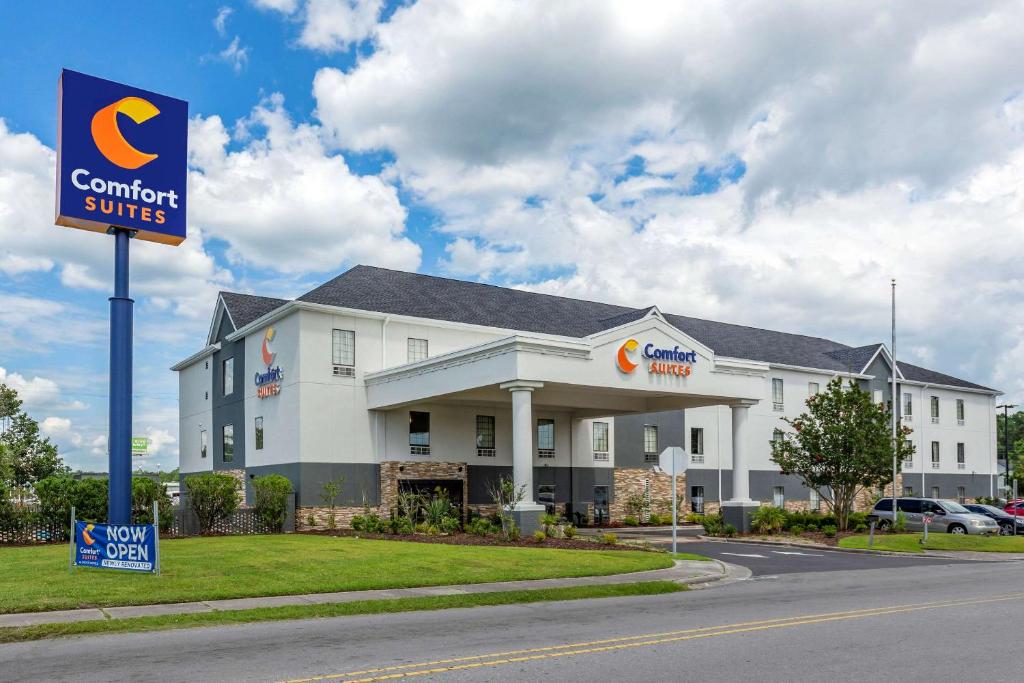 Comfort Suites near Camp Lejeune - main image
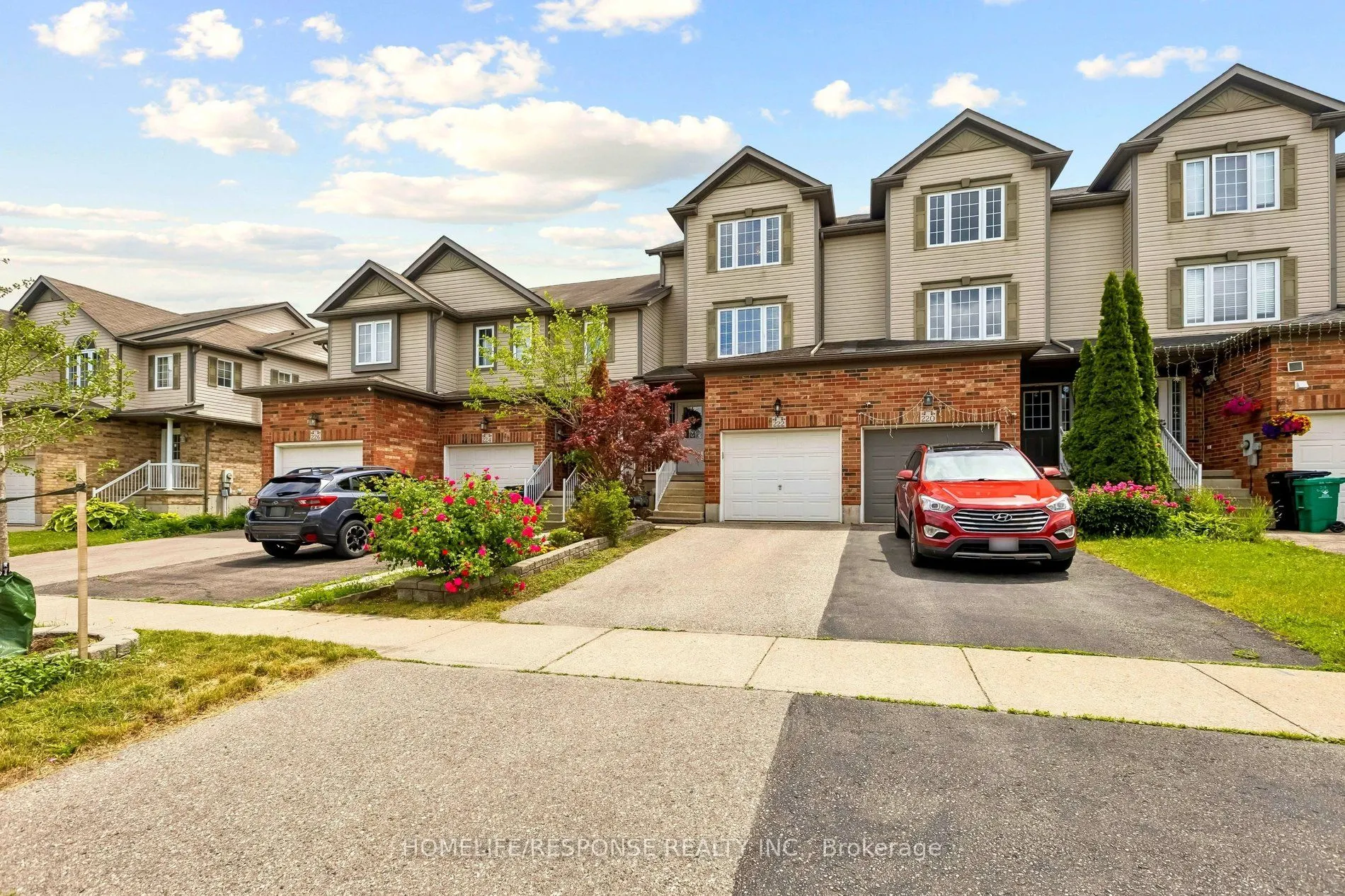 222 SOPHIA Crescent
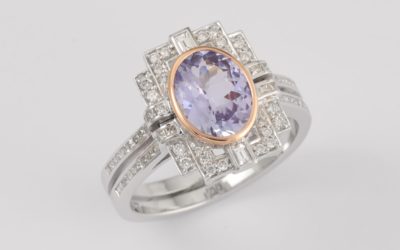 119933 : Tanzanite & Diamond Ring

-*-*-

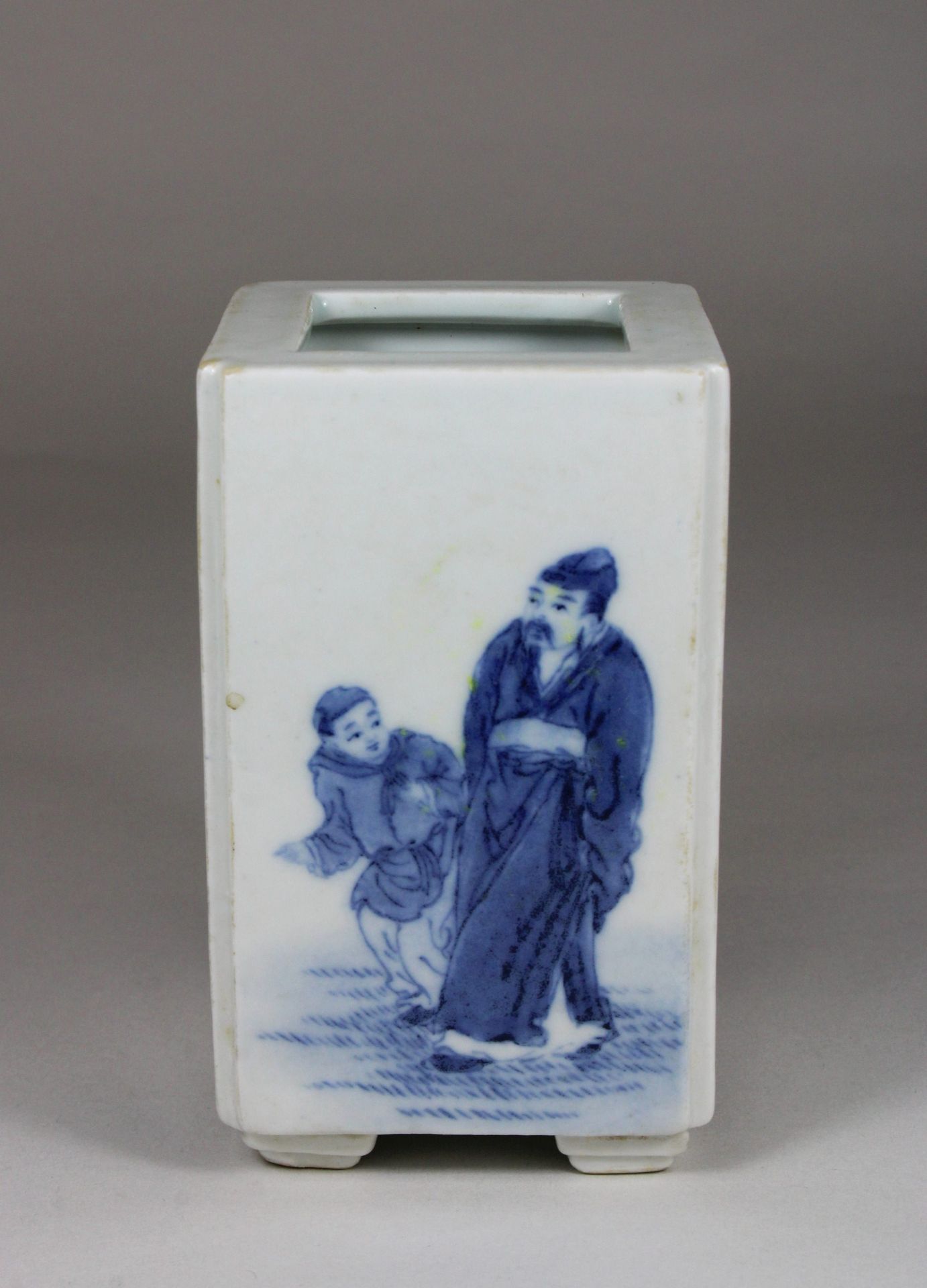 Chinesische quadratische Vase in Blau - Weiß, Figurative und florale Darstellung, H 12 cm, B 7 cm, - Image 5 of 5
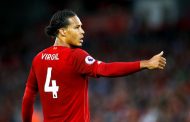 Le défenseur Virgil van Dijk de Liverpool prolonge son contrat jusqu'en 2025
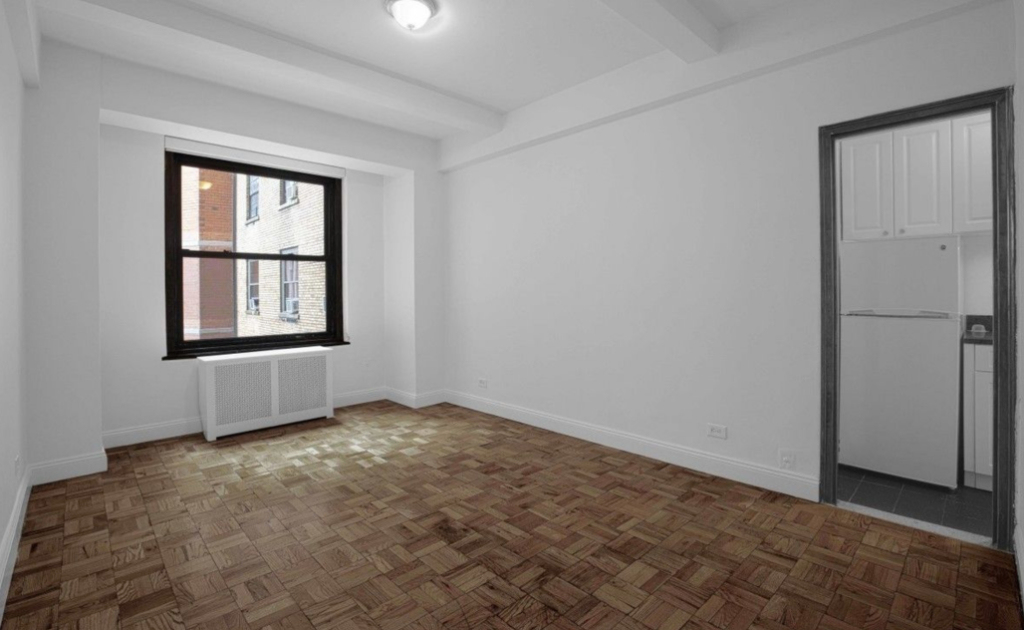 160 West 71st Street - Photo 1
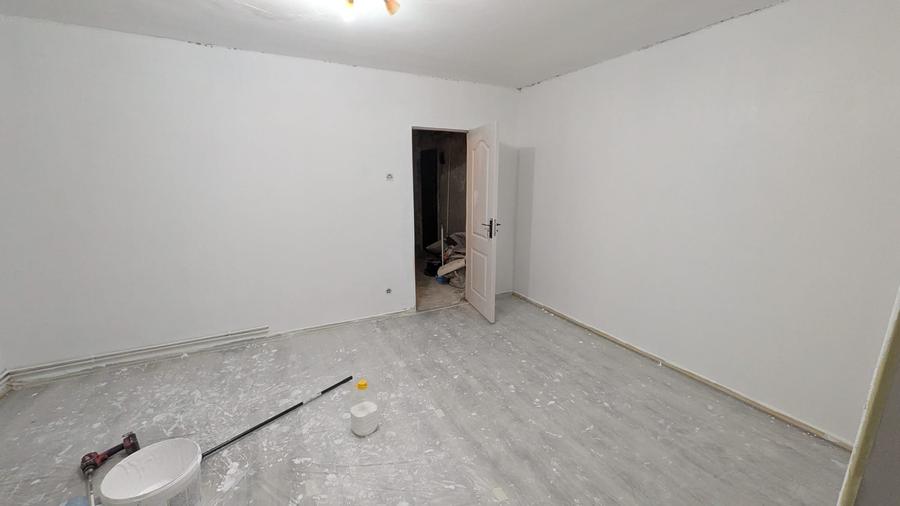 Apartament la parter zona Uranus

-*-*-

Copy exactly the material above from the line with "222 SOPHIA Crescent" to the line with "119933 : Tanzanite & Diamond Ring", ends included, and nothing else. Leave out any picture.

Output for this task
 222 SOPHIA Crescent
 119933 : Tanzanite & Diamond Ring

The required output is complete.